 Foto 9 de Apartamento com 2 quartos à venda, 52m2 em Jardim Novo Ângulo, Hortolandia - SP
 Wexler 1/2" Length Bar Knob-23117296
* * *
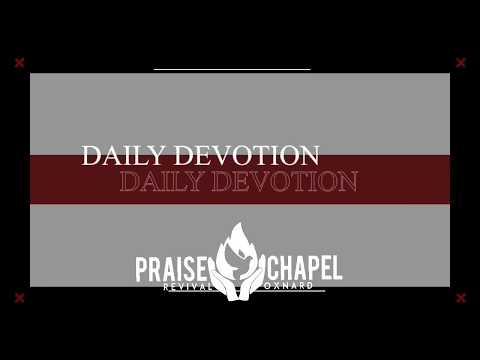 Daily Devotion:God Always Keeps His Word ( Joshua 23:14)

> _EXERCISE DETAILS_
Using the entries above, return exactly the lines from the line with "Foto 9 de Apartamento" to the line with "Length Bar Knob-23117296", counting both of those lines.

> _COMPLETED TASK_
 Foto 9 de Apartamento com 2 quartos à venda, 52m2 em Jardim Novo Ângulo, Hortolandia - SP
 Wexler 1/2" Length Bar Knob-23117296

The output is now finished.